Comparatively slow python numpy 3D Fourier Transformation

Question

For my work I need to perform discrete fourier transformations (DFTs) on large images. In the current example I require a 3D FT for a 1921 x 512 x 512 image (along with 2D FFTs of 512 x 512 images). Right now, I am using the numpy package and the associated function np.fft.fftn(). The code snippet below exemplarily shows 2D and 3D FFT times on an equal-sized/slightly smaller 2D/3D random-number-generated grid in the following way:

import sys
import numpy as np
import time

tas = time.time()
a = np.random.rand(512, 512)
tab = time.time()
b = np.random.rand(100, 512, 512)

tbfa = time.time()

fa = np.fft.fft2(a)
tfafb = time.time()
fb = np.fft.fftn(b)
tfbe = time.time()

print "initializing 512 x 512 grid:", tab - tas
print "initializing 100 x 512 x 512 grid:", tbfa - tab
print "2D FFT on 512 x 512 grid:", tfafb - tbfa
print "3D FFT on 100 x 512 x 512 grid:", tfbe - tfafb

Output:

initializing 512 x 512 grid: 0.00305700302124
initializing 100 x 512 x 512 grid: 0.301637887955
2D FFT on 512 x 512 grid: 0.0122730731964
3D FFT on 100 x 512 x 512 grid: 3.88418793678

The problem that I have is that I will need this process quite often, so the time spent per image should be short. When testing on my own computer (middle-segment laptop, 2GB RAM allocated to virtual machine (--> therefore smaller test grid)), as you can see the 3D FFT takes ~ 5 s (order-of-magnitude). Now, at work, the machines are way better, cluster/grid-architecture systems and FFTs are much faster. In both cases the 2D ones finish quasi instantaneously.
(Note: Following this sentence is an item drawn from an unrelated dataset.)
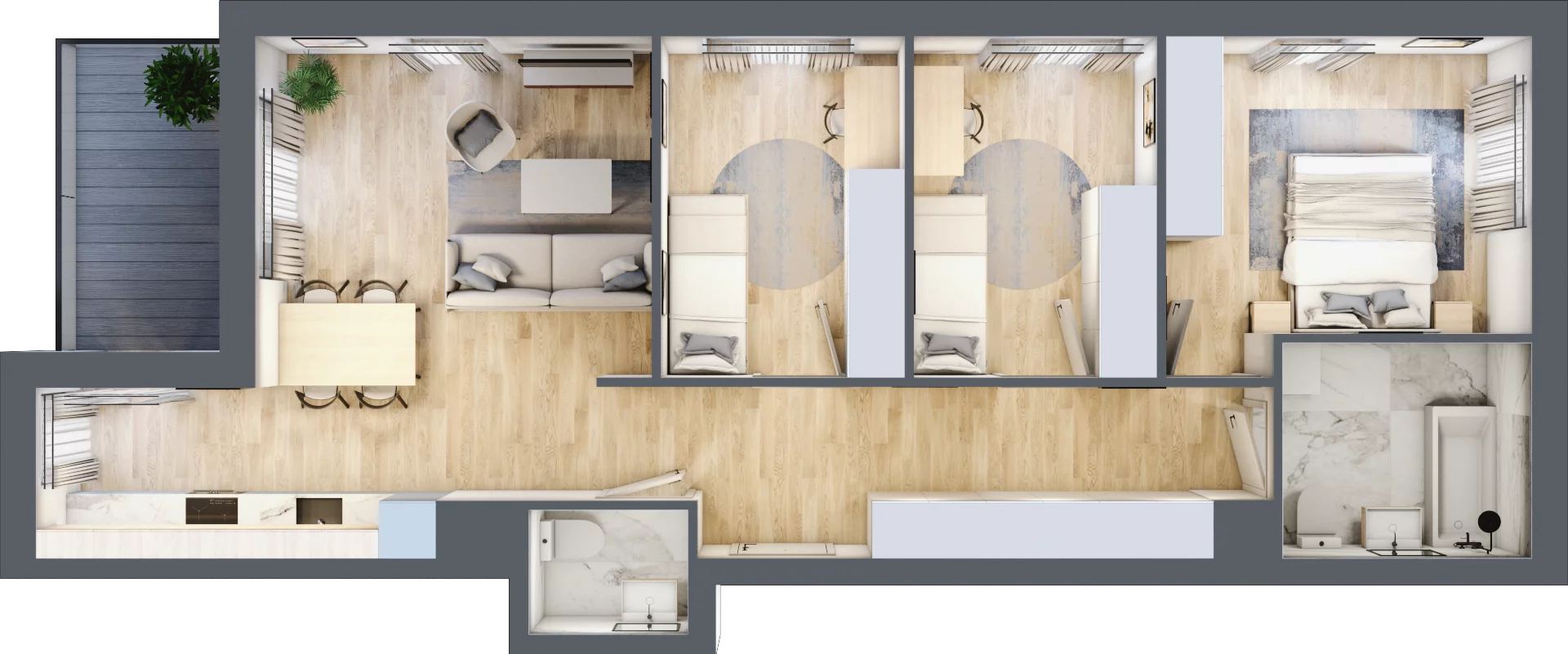 4 pokoje, mieszkanie 75,74 m², piętro 1, oferta nr CM1/1, Nowa Drożdżownia - Etap II, Kraków, Bieżanów-Prokocim, ul. Drożdżowa 5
However with 1921x512x512, np.fft.fftn() takes ~ 5 min. Since I guess scipy's implementation is not much faster and considering that on MATLAB FFTs of same-sized grids finish within ~ 5 s, my question is whether there is a method to speed the process up to or almost to MATLAB times. My knowledge about FFTs is limited, but apparently MATLAB uses the FFTW algorithm, which python does not. Any reasonable chance that with some pyFFTW package I get similar times? Also, 1921 seems an unlucky choice, having only 2 prime factors (17, 113), so I assume this also plays a role. On the other hand 512 is a well-suited power of two. Are MATLAB-like times achievable if possible also without padding up with zeros to 2048?
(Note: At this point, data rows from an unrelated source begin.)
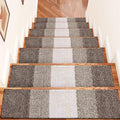 OLANLY Stair Treads Non Slip 15PCS, 8" x 30" Indoor Stair Runners for Wooden Steps, Edging Stair Rugs with Reusable Peel and Stick Adhesive for Kids Elders and Pets, Light Brown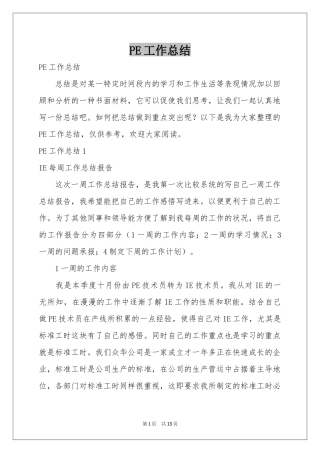 PE工作参考总结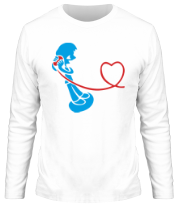 Мужская футболка длинный рукав Разговор влюбленных (парная) фото
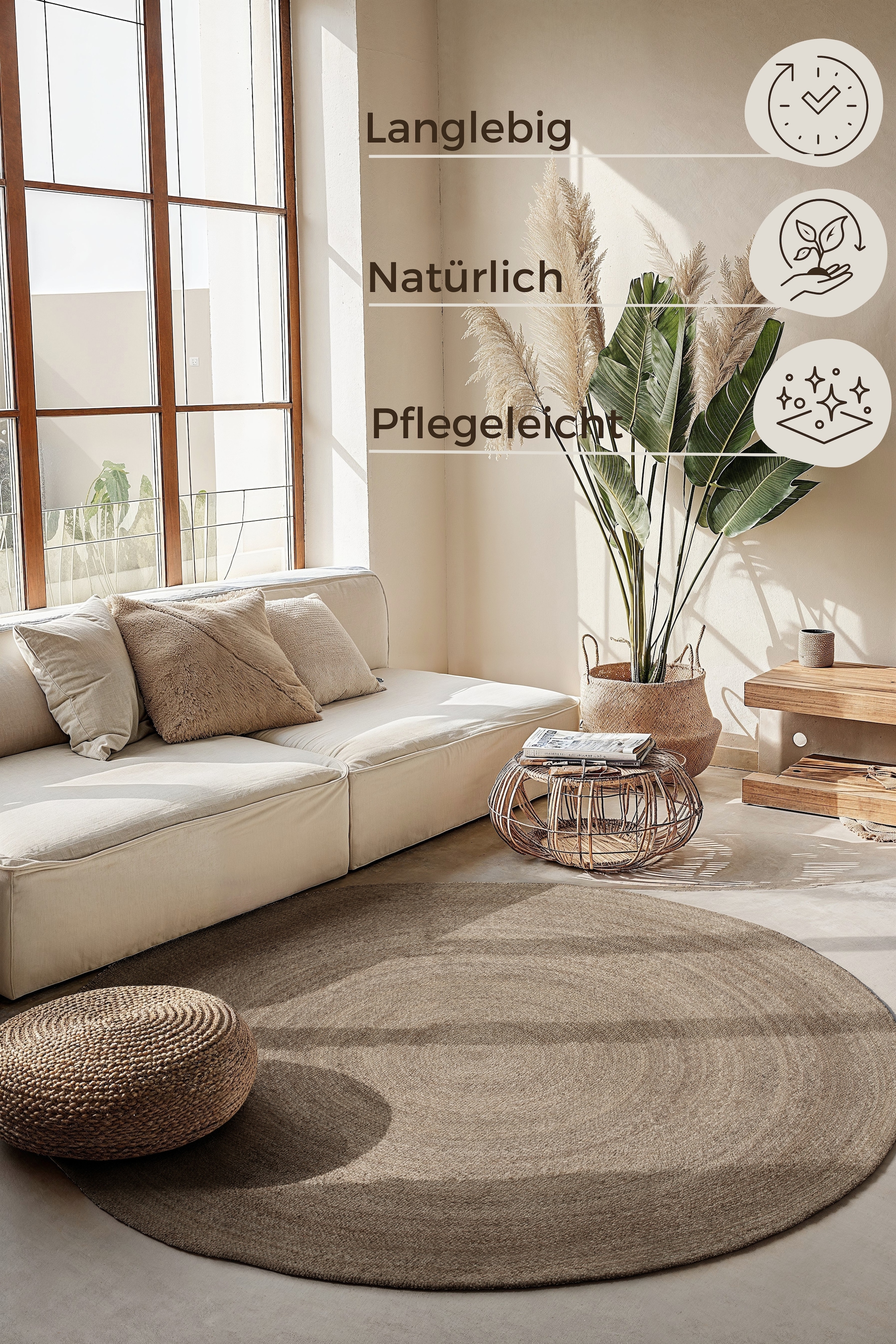 HANSE Home Teppich »Rangpur Juteteppich, in rund und oval« oval 10 mm Höhe handgewebt, 100% Jute , Natur, Wohnzimmer, Flur, Boho, Skandi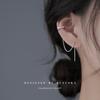 Nuevos aretes de borla cara delgada larga alambre red de aretes viento frío clip para hueso de la oreja nicho mayoreo
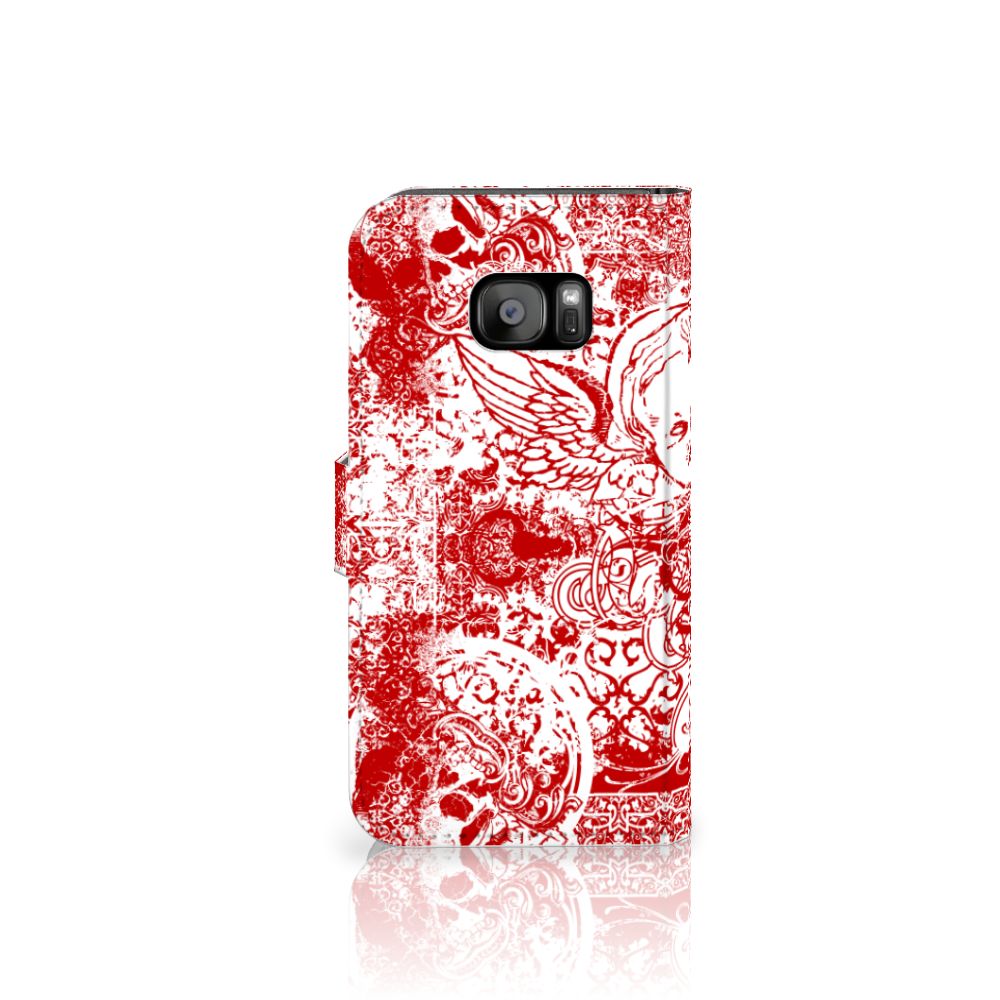 Telefoonhoesje met Naam Samsung Galaxy S7 Edge Angel Skull Rood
I'm asking because I'll have to use FFTs a lot (to an amount where such differences will be of huge influence!) and in case there is no possibility to reduce computation times in python, I'd have to switch to other, faster implementations.

If pyfftw fails, try comparing against R or octave's fft implementations. If any of those work faster you may call those implementations from python (don't know how big is the penalty) — xvan, Oct 15 '16 at 21:05

score 4 · Accepted Answer · edited May 23 '17 at 10:27

Yes, there is a chance that using FFTW through the interface pyfftw will reduce your computation time compared to numpy.fft or scipy.fftpack. The performances of these implementations of DFT algorithms can be compared in benchmarks such as this one : some interesting results are reported in Improving FFT performance in Python

I suggest the following code for a test:

import pyfftw
import numpy
import time
import scipy

f = pyfftw.n_byte_align_empty((127,512,512),16, dtype='complex128')
#f = pyfftw.empty_aligned((33,128,128), dtype='complex128', n=16)
f[:] = numpy.random.randn(*f.shape)

# first call requires more time for plan creation
# by default, pyfftw use FFTW_MEASURE for the plan creation, which means that many 3D dft are computed so as to choose the fastest algorithm.
fftf=pyfftw.interfaces.numpy_fft.fftn(f)

#help(pyfftw.interfaces)
tas = time.time()
fftf=pyfftw.interfaces.numpy_fft.fftn(f) # here the plan is applied, nothing else.
tas = time.time()-tas
print "3D FFT, pyfftw:", tas

f = pyfftw.n_byte_align_empty((127,512,512),16, dtype='complex128')
#f = pyfftw.empty_aligned((33,128,128), dtype='complex128', n=16)
f[:] = numpy.random.randn(*f.shape)


tas = time.time()
fftf=numpy.fft.fftn(f)
tas = time.time()-tas
print "3D FFT, numpy:", tas

tas = time.time()
fftf=scipy.fftpack.fftn(f)
tas = time.time()-tas
print "3D FFT, scipy/fftpack:", tas

# first call requires more time for plan creation
# by default, pyfftw use FFTW_MEASURE for the plan creation, which means that many 3D dft are computed so as to choose the fastest algorithm.
f = pyfftw.n_byte_align_empty((128,512,512),16, dtype='complex128')
fftf=pyfftw.interfaces.numpy_fft.fftn(f)

tas = time.time()
fftf=pyfftw.interfaces.numpy_fft.fftn(f) # here the plan is applied, nothing else.
tas = time.time()-tas
print "3D padded FFT, pyfftw:", tas

For a size of 127*512*512, on my modest computer, I got:

3D FFT, pyfftw: 3.94130897522
3D FFT, numpy: 16.0487070084
3D FFT, scipy/fftpack: 19.001199007
3D padded FFT, pyfftw: 2.55221295357

So pyfftw is significantly faster than numpy.fft and scipy.fftpack. Using padding is even faster, but the thing that is computed is different.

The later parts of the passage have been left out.